İngiliz artist Jane Perkins, ”Plastic Classics” olarak adlandırdığı serisinde alışılmışın dışında bir yöntem uygulamış. Etraftan bulduğu lego parçaları, düğmeler, deniz kabukları, plastik oyuncaklar vb. gibi aklınıza gelebilecek milyonlarca parçayı biraraya getirip harika eserler ortaya çıkarmış. Hem de kullandığı parçaları asla boyamadan, kendi orjinal renklerinde bırakarak. İlham kaynağı ise hepimizin hayran olduğu, en ünlü tablolar ve görür görmez hatırlayacağımız, aşina olduğumuz yüzler.
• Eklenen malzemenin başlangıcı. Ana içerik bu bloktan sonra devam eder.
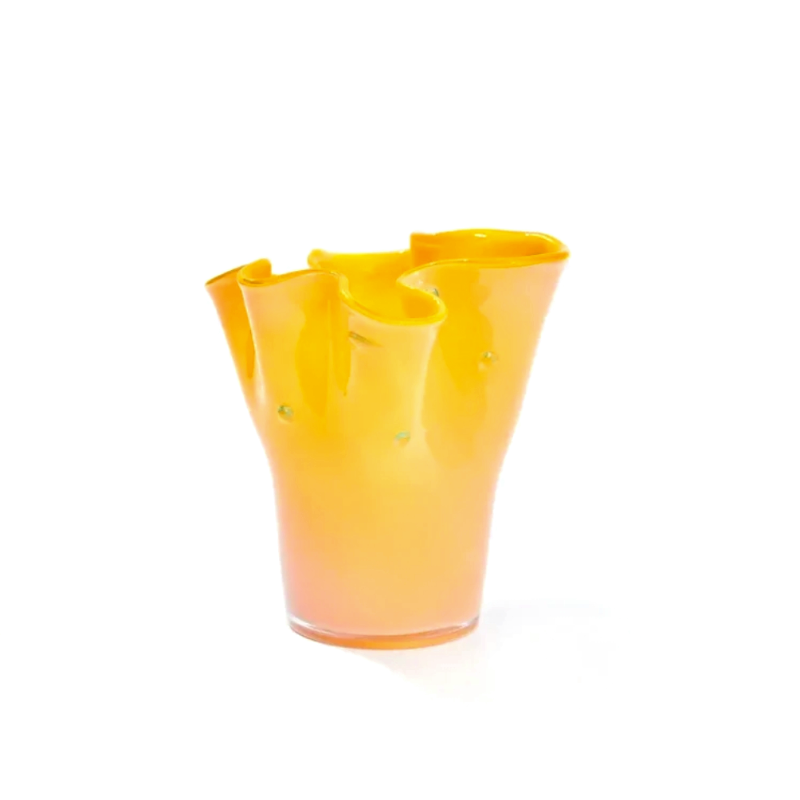 orange yellow glass vase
Sanatçı, eserlerinin yeterince iyi algılanabilmesi için sanat severlere iki önemli ipucu veriyor. Birincisi, eseri uzaktan bir bütün olarak seyredip, ortaya çıkan kompozisyonu görebilmek ve ikincisi ise, esere mümkün olduğu kadar yakından bakıp, kullanılan malzemelerle tüm detaylara hakim olabilmek.
Ayrıca Perkins’in, Van Gogh’un, ”SunFlowers” isimli meşhur tablosunda da yaptığı gibi, her eserini, bu kez bir öncekinden tamamen farklı malzemeler kullanarak yeniden yapmak gibi bir hobisi de bulunmakta.